With mezcal on tap, an outdoor stage out back and a style of barbecue not easily found in Richmond, a pair of local restaurateurs are looking to bring new life to the former Roxy Cafe space in the Fan.
Randy O’Dell and Drew Schlegel are preparing to open Get Tight Lounge at 1104 W. Main St. near VCU.
On the inside Get Tight Lounge will serve Baltimore-style pit beef barbecue and house beer by a local brewery as well as myriad mixed drinks, while out back it’ll have an outdoor stage hosting everything from live music to Texas two-step dance lessons.
It’ll be the second restaurant for Schlegel, who co-founded Northside venue and restaurant Fuzzy Cactus in 2019. O’Dell also co-owns Scott’s Addition taqueria En Su Boca with Patrick Stamper.
The duo, who’d gotten to know each other through mutual friends in the industry, each had an appetite for a new project after Schlegel sold his stake in Fuzzy Cactus in early 2021 and O’Dell similarly sold his stake in Beauvine Burger Concept, which he also co-founded with Stamper in 2017.
Roxy Cafe ended a 12-year run in the West Main storefront in February 2020, and O’Dell and Stamper were quick to scoop it up, with plans to turn it into a second En Su Boca by March.
Those plans were derailed by the pandemic and O’Dell and Stamper were stuck paying rent on the empty space for two years. As the world started to open back up last year, O’Dell said Stamper was exhausted with the idea and didn’t want anything to do with it.
“Pat was out, and I wasn’t ready to give it up. I was emotionally attached to the spot. The potential for this space – I was just waiting for it to come available (for years),” O’Dell said.
O’Dell needed a business partner, and Schlegel, having recently left Fuzzy Cactus, needed a new project.
“I took some time off and didn’t know what to do. I’d hit up Randy just to see what was going on,” Schlegel said. They discussed the Roxy space and quickly hatched a vision for it. “We were like ‘Hey, let’s give it a shot.’”
The duo will create a new event space out of an open-air storage area in the rear of the approximately 2,700-square-foot building. Schlegel said they want Get Tight’s stage to be a gathering place for artistic locals of all ages to hang out and perform.
“It’s for students, professors and neighbors. We want to embrace the (VCU arts) school and neighborhood. None of the too-cool vibe here,” O’Dell added.
Schlegel said they’re planning to host things like karaoke, spoken word events, live podcasts and more.
“We also want to do some Texas two-step dance lessons,” he said.
Get Tight’s food menu will be headlined by pit beef, which hails from Schlegel’s hometown of Baltimore. The dish is made from a big piece of round steak that’s dressed with a rub and cooked over an open flame, sliced thin and often put on sandwiches.
“They call it Baltimore barbecue. When you say barbecue to people, they assume it’s smoked, or slow cooked in an oven. They don’t think it’s cooked on an open pit,” Schlegel said.
“We didn’t want to do cuisine that was dependent on a chef that could go elsewhere. The thing that came to mind was something that’s easy, delicious and wasn’t around here, and that’s pit beef.”

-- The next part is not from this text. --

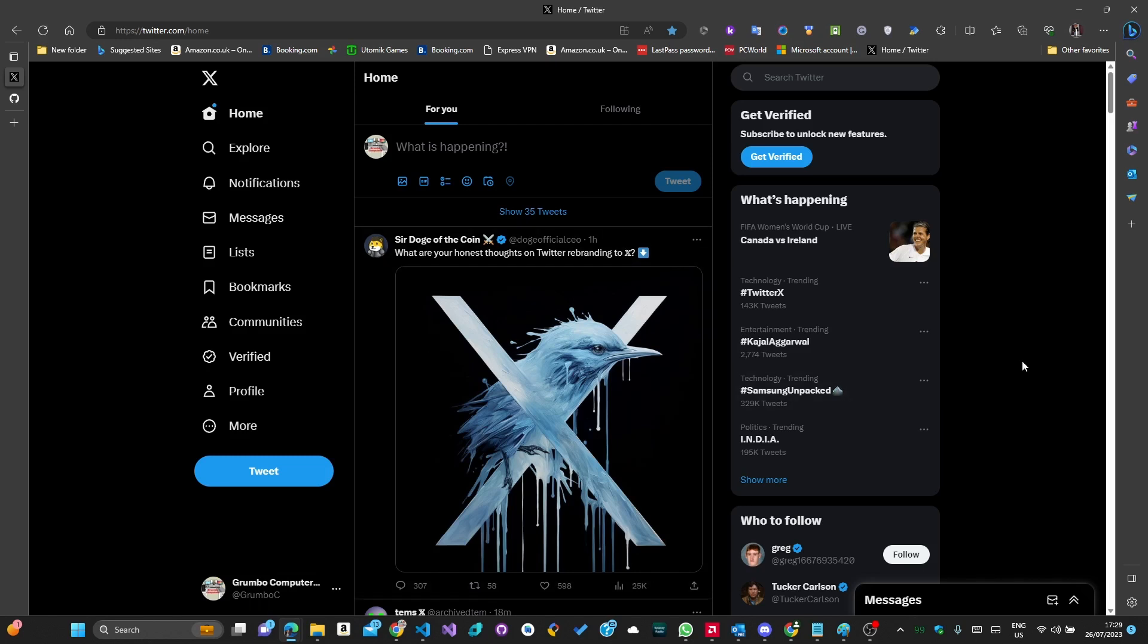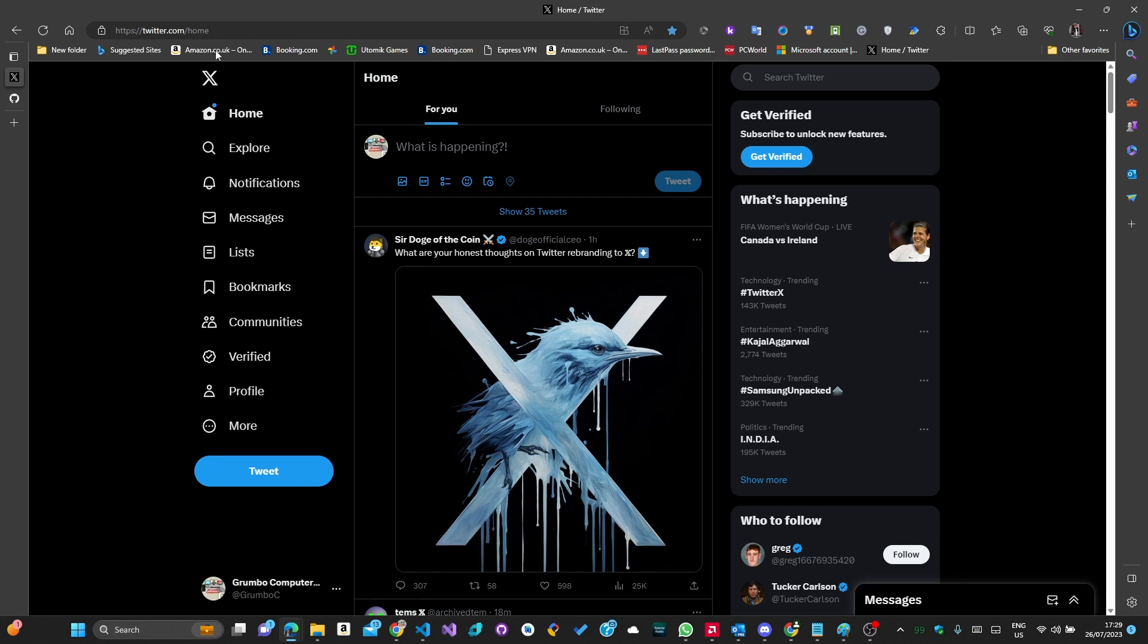Are you tired of the new X Twitter logo? Well today I will be showing you how to get back the old blue bird logo using an extension I made for Chrome and Edge.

Get Tight’s pit beef sandwiches will be topped with yellow onion, horseradish and a house-made barbecue sauce. Schlegel said they plan to pit-cook cuts of ham and turkey, as well as a vegan option involving beets.
“I’m excited to introduce it to people here who’ve never heard of it or had it,” Schlegel said.
They’ve also developed Get Tight Light, a 4-percent alcohol-by-volume lager brewed for Get Tight by Tabol Brewing, a Northside brewery that Schlegel connected with while at Fuzzy Cactus.
Taps at Get Tight will pour mezcal, tequila and whiskey, and its cocktail menu will include things like a vegan horchata mezcal made with cold brewed coffee from Blanchard’s Coffee Roasting Co., which has a location just around the corner from Get Tight on Morris Street.
O’Dell and Schlegel said the name “Get Tight” is a reference to a slang phrase from the 1970s, usually meaning to go have a few drinks. The interior of the restaurant is also an homage to that era with its purple neon lights behind the bar and a color palette with muted oranges, browns and yellows.
“With all the wood paneling on the side, we want to make it feel like you’re hanging out at a friend’s basement, a kind of a retro vibe,” Schlegel said.
Schlegel and O’Dell are currently finishing up work on the space and hiring staff, with plans to open later this month.
“I can’t wait to see the response,” O’Dell said. “It’s so exciting. It’s something totally different.”